PROBLEM DESCRIPTION

One of our latest projects for our customer VyoPath, consisted on building a Machine Learning model capable of detecting different types of network attacks. Using Netflow as the base networking protocol, the model was trained on different data sources including public datasets, synthetically generated data, and data captured using custom computing. 

After the initial training, our client continued to capture data on an ongoing basis. Doing so gave VyoPath a great opportunity to enable periodic model re-training in order to keep it updated and protected against data-drifting. 

Due to the inherent dynamic characteristics of network threats and future attack modalities, the client required an automated solution to leverage the incoming stream of data and recursively update the Machine Learning Model. Ideally, this solution would involve little to no  human intervention and maintenance over time. 

IMPLEMENTED SOLUTION

Since data was stored in the cloud in a raw format, we had to perform several extracting, cleansing and transforming tasks before being able to re-train the model. Our proposed solution included a KubeFlow pipeline that would create isolated blocks for each task and connect them in a logical way to finally orchestrate on-schedule runs.

The KubeFlow pipeline was run in the Google Cloud as a client requirement. As a result, Vertex AI Pipelines were used to run and keep track of the pipeline runs, as well as store artifacts, log events and send alerts – all while providing seamless integration with other GCP services.

The following diagram is an overview of the architecture we used to solve the client’s needs:

Figure 1 - Proposed Solution Diagram

As the name suggests, the Data capture block is where the data is captured. Using the data collector and business rules, the data is then labeled and moved to a Google Cloud Storage bucket (Input data bucket). 

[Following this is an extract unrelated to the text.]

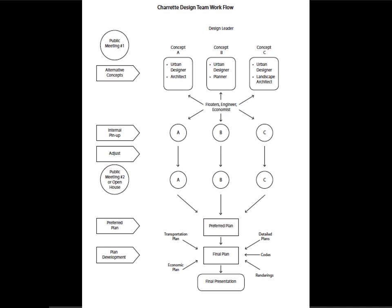Floating between the teams are engineers, economists, and other specialists. Moving down to concepts A, B, and C under internal pin-up — an internal pin-up is where the teams pin their work up, review it, adjust it, and take it to the public meeting or open house. The three concepts go to the public meeting, and the best ideas from all three are merged into a preferred plan, then into a final plan for presentation. Under plan development, you're working on pieces like the transportation plan, the economic plan, detailed plans, codes, and renderings. This is the flow of how a typical large team of six to nine people would work during the Charette.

The next block, Automatic model re-training, contains a Cloud Scheduler event and a Cloud Function to trigger a KubeFlow pipeline with an on-schedule run through the Vertex AI GCP service. 

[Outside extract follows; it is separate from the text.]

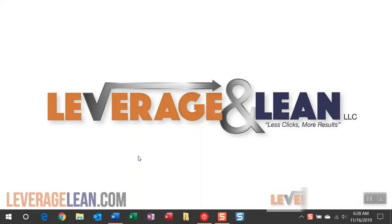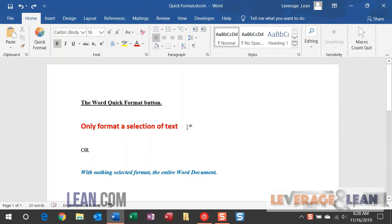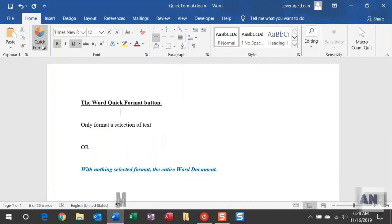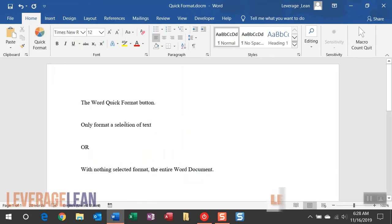Let me start out by navigating to Word, where I can show you a Word document with some formatting differences. Let me show you one of two ways the Quick Format button works in Word. You can select the text to format and click Quick Format — it will format just that selection. Or, you can select nothing, and if you click Quick Format, it will format the entire Word document.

The pipeline consumes data from the Input data bucket, while the KubeFlow configuration files and current production model pulls from the Artifact bucket. If the newly trained model outperforms the existing production version, then the new model is pushed to the model repository located in the Artifact bucket. It’s then ready to be leveraged by users and applications.

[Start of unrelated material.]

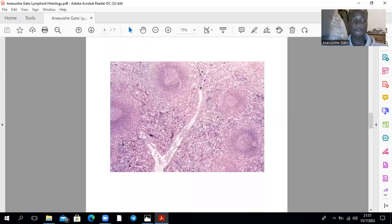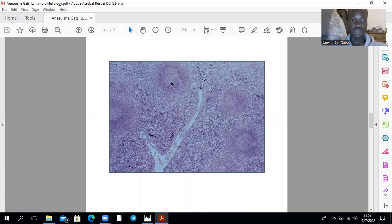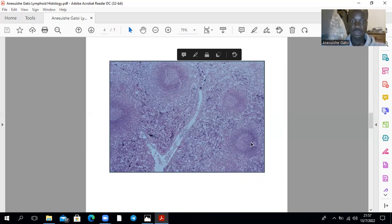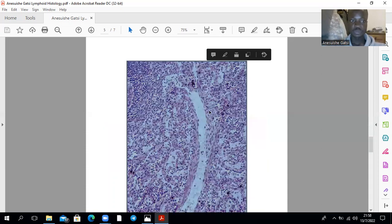This right here is splenic tissue. That's a lymphoid nodule, that's a lymphoid nodule right there, that's another lymphoid nodule, and that's a germinal center. Right over there, that's a central arteriole.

The figure below shows a simplified diagram of the KubeFlow pipeline created to perform the data cleansing, data transformation and model training tasks. It also includes the performance comparison module that decides which model performs better so that it can then export it to the model repository.

Figure 2 - Architecture of the KubeFlow Pipeline

Each block of the diagram represents several sub-blocks of the real pipeline. Essentially, each of these blocks performs individual tasks that allow perfect control and robustness of the execution. Redundant tasks such as checking the model integrity after the export were also considered in the design to ensure maximum availability of the model every time it’s updated.

Despite the solution being completely automated, the alert system is capable of informing the client in case of any failure during its execution.

OBTAINED BENEFITS

Due to our expertise in the NetFlow security field and our familiarity with the defined tech stack, VyoPath chose 3XM Group to improve the detection capabilities of its machine learning model.

The main benefits of our automated pipeline solution included:

  • No development time required to train new versions of the model.
  • High reduction of error-prone tasks mainly due to no human interaction needed.
  • Better traceability of the changes and performance metrics.

Once the solution was deployed, the client was able to leverage the new labeled data, which prevented the machine learning model from drifting over time. As a result, this increased the accuracy and robustness of the detection system. 

Ultimately, having a more accurate and reliable machine learning model should better position VyoPath in the market and lead to a direct increase in revenue.

TECHNOLOGY STACK

→ KubeFlow

→ CatBoost

→ Google Cloud Platform (GCP)

  • Cloud Scheduler
  • Cloud Functions
  • Vertex AI
  • Monitoring
  • Cloud Storage
  • IAM